Forty Years Ago
If this isn’t the most dismal, drawn out water-boarded winter of all, kindly tell me of a worse one in our latitude this century. I don’t care if Max Beerbohm said, “There is nothing you can say about the weather that isn’t already observable,” – we’ve all over-observed, and as Howard Beale said for us in the movie, “Network,” “I’m mad as hell and I don’t have to take it anymore!”
I mean, when enough is more than enough, too much is enough than more! See?
I can’t even write straight because it’s been too cold and sloppy and grey for too long. “Ye Olde Poet,” Ezra Pound, once wrote a stinging screed about winter. In it, among other things, he slanders the deity, so it may be unfit for publication here.
In 1968 “Ye Olde Editor” Claude Walker fled to Florida during the Hell of winter. Maybe some excerpts from a column written down there may conjure warm reminders in your cold bones today: “The sun shone in all its glory” … “cabana” … “beach” … “bikinis” … and “sun lotion.” Thus, a past editor’s winter report from the Sunny Southland in ’68.

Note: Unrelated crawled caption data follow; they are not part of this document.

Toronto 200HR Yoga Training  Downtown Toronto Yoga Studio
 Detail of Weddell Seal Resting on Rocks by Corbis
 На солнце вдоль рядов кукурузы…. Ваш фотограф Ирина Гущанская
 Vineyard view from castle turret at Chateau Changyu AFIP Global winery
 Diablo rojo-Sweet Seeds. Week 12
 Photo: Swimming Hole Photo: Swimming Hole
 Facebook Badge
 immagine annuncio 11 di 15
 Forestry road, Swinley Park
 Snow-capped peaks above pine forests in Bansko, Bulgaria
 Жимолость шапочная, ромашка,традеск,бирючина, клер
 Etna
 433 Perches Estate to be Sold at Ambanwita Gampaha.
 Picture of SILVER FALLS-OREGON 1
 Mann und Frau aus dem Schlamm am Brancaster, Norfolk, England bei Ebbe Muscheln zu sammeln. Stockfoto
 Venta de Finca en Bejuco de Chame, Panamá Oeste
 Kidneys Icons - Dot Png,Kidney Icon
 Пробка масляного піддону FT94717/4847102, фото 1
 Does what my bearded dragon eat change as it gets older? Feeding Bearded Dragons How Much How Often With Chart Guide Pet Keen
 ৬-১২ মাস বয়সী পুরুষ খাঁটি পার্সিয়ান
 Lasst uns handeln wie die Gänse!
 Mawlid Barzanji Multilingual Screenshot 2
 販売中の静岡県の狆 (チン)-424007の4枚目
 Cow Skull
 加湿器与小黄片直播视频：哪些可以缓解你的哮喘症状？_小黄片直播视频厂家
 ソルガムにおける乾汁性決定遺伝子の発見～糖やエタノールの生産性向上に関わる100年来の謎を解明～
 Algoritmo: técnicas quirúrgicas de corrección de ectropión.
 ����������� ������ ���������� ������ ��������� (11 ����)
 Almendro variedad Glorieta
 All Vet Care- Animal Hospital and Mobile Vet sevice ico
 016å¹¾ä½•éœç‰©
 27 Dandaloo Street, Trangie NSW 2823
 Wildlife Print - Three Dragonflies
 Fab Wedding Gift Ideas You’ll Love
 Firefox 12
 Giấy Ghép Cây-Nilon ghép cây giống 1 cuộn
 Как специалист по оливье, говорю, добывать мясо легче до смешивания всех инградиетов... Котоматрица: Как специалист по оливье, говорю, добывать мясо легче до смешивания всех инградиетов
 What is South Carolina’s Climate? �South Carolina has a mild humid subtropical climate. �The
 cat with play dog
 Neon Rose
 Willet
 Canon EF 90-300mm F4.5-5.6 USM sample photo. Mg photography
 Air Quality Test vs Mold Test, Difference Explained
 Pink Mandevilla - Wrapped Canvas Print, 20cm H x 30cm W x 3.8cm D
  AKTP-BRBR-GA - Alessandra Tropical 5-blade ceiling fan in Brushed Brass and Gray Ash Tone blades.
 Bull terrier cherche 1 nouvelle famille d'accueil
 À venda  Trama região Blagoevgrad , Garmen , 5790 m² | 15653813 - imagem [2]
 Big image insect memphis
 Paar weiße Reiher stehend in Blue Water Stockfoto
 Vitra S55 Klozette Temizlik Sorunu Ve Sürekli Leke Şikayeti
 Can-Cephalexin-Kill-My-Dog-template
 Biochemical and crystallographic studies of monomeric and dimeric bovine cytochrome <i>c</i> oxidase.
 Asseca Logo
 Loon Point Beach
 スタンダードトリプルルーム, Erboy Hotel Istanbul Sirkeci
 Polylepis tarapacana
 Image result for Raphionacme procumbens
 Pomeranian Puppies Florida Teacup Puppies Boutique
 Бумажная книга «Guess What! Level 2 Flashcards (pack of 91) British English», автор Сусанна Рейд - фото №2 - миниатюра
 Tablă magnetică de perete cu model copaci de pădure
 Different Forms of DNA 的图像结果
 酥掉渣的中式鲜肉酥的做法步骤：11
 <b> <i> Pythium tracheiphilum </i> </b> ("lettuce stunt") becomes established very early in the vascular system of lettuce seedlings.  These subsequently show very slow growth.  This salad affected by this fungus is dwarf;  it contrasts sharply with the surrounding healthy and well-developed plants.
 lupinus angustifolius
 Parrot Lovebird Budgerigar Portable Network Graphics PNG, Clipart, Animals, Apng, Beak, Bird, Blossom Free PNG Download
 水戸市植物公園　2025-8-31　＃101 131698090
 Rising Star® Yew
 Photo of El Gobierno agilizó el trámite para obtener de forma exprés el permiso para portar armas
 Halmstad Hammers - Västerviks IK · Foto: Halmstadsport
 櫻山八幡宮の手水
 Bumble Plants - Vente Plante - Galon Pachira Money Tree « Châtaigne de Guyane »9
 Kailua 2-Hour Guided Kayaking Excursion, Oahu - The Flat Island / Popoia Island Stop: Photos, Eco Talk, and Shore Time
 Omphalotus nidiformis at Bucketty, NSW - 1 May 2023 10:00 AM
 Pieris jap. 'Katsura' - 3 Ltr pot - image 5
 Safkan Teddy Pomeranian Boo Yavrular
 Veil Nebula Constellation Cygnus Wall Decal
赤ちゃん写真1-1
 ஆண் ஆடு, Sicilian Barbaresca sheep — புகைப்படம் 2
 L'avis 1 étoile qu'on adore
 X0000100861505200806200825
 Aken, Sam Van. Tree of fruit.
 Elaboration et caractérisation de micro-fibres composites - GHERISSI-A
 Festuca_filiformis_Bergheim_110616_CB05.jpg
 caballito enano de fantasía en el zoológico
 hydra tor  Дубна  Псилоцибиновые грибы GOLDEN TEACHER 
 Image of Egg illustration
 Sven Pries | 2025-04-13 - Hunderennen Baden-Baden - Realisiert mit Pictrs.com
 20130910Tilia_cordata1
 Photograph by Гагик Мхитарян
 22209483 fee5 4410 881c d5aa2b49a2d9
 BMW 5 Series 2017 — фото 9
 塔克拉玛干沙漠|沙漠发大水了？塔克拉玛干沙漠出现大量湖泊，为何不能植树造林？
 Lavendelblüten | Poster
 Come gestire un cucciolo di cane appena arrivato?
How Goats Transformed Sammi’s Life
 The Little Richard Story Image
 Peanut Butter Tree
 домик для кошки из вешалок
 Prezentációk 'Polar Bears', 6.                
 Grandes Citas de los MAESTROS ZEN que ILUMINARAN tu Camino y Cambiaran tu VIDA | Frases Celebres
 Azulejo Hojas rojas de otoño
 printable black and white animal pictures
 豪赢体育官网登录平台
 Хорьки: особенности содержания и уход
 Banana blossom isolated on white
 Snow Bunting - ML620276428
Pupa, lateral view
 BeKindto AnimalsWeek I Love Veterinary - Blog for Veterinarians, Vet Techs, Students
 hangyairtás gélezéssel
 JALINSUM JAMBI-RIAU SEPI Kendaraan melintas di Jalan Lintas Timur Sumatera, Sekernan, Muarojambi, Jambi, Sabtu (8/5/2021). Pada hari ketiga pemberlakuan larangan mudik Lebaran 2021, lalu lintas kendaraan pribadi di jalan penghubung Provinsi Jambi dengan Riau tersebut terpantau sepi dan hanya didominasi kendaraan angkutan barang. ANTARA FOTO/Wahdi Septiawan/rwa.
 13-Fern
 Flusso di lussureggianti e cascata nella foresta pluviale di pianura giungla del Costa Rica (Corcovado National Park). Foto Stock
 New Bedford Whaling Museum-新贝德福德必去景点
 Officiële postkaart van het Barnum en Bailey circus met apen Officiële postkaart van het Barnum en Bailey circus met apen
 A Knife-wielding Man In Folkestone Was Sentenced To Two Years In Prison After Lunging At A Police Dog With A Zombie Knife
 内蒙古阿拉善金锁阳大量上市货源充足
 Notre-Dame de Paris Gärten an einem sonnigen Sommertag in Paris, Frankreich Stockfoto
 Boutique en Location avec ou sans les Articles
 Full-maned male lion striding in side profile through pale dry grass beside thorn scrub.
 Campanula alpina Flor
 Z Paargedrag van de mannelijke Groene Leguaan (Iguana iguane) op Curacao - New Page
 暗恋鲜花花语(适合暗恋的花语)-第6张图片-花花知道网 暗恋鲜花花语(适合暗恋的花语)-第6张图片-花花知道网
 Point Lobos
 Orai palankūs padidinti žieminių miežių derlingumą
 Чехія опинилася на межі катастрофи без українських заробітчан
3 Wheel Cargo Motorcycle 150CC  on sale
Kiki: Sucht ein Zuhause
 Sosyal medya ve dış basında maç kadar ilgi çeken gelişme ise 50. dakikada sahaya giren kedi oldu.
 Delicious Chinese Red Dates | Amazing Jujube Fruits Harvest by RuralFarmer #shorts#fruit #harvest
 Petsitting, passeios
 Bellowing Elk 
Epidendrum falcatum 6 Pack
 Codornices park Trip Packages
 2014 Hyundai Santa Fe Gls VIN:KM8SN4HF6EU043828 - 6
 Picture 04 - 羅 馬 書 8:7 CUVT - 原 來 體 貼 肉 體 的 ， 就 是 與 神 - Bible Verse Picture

From the Jan. 25, 1968, Forest Park Review
Thirty Years Ago
Errors creep into newspaper articles, but the Dec. 28, 1977, issue had a bonanza. Bernie Friewall wrote the article, then compounded things with the following corrections:
“A misprint in the caption erroneously had it as Dorothy Koufeldt Jensen. It should have read Dorothy Koufeldt Goetschel and Goetschel is not with the library; she retired in 1974 when Josephine Austin retired in 1974 and is living in Arizona. Also, the name of Jerry Husfeldt was omitted. He is the assistant librarian under Cleis Jensen. Husfeldt also holds a master’s degree in library science from Rosary College in River Forest.
“It was erroneously mentioned that Mildred Powell had been librarian at the Oak Park library. It should have been that she worked at the Scoville Institute for six months as an assistant previous to taking the first directorship in Forest Park.
“Also it was erroneously reported that Cleis Jensen earned her master’s degree at Rosary College. It should have been at Northern Illinois at DeKalb.”
From the Dec. 28, 1977, Forest Park Review
Twenty Years Ago
For all his 18 years Vernon Hubbard seemed to have five times that much in misadventure. The troubled Forest Park youth found himself in the lockup charged with two counts of aggravated battery against his stepparents. According to police, Hubbard had been involved in a verbal dispute at their Troost Avenue home. He reportedly punched his stepfather in the face. He then allegedly pushed his stepmother, breaking one of her ribs.
Hubbard cast a long shadow of misdeeds, close calls and questionable activities. Six months earlier he and two other teens were charged with contributing to the delinquency of a 12-year-old girl. During a year’s probation, one of the other two youths was shot to death in an unrelated in incident.
Hubbard was also the driver of a northbound car on the Desplaines overpass that carried two others. It crossed the oncoming lanes and impacted the end guard rail so hard that the car split in two, both halves tumbling onto the Eisenhower Expressway. A vehicle on the Ike was struck – no deaths or injuries in that car – but a 16-year-old girl in Hubbard’s vehicle was killed.
From the Jan. 27, 1988, Forest Park Review
Ten Years Ago
“Lights and Sirens.” Maybe a variant of the old “Cops and Robbers” game? A woman was driving on Lexington when red and blue flashing lights appeared in her rear view, followed by a wailing siren. No police; just James King, 23, who allegedly got out and began walking toward the woman – only to run back to his car and speed away.
Apprehended a short while later, he was asked by police why he turned the equipment on. His answer was that he thought the special lights and siren were disconnected. It wasn’t immediately known which law enforcement agency his car was purchased from.